There is an increase use of wireless technologies in education all over the world. In fact, wireless technologies such as laptop computers, palmtop computers and mobile phones are revolutionizing education and transforming
the traditional classroom-based learning and teaching into anytime and anywhere education. The term „mobile learning” or "m-learning", is not a new one. It describes learning of the learners' not defined location or when he or she uses the benefits of mobile technology when learning. Mobile learning was previously limited to laptops, but today it mainly refers to smart phones, tablet PCs or mobile gaming and entertainment consoles. The strengths of mobile learning lie primarily in the use of learning programs not dependent on time or place, that are in the extremely efficient use of the available time. Periods of idle time between customer meetings or waiting times at airports can be used to access learning modules. Therefore, the vision behind this is the learning is to get what you want, where you want and when you want. Mobile learning importance has increased since the beginning of the twenty first century.
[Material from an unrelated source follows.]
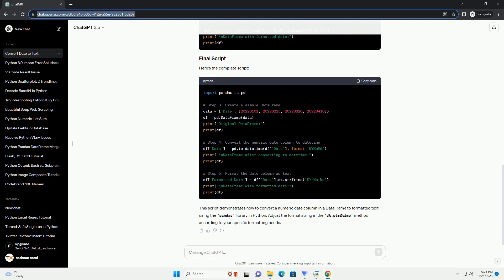Use the pd.to_datetime function to convert the numeric date column to a datetime format.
The history of computer assisted language learning (CALL) can be traced back to the 1960s but modern computer technology together with the internet have revolutionized the ways in which computers can support language learning (Warschauer, 1996). One of the case studies reported by Warschauer is that of a group of  Bulgarian students who traditionally did not have access to the English speaking world. The class was studying contemporary American short stories and used a variety of technologies to assist in this process. E-mail communication was set up with a group of TESOL students from America so that they could ask questions about the language and cultural references. In addition concordance software was used to explore some of the expressions from the texts in a greater range of English language. The American students also made recordings of the texts so that they could be used to improve the Bulgarian students' listening skills (Meskill and Rangelova, 1995).Mobile learning in contrast is a much recent development and represents a more personalized style of learning.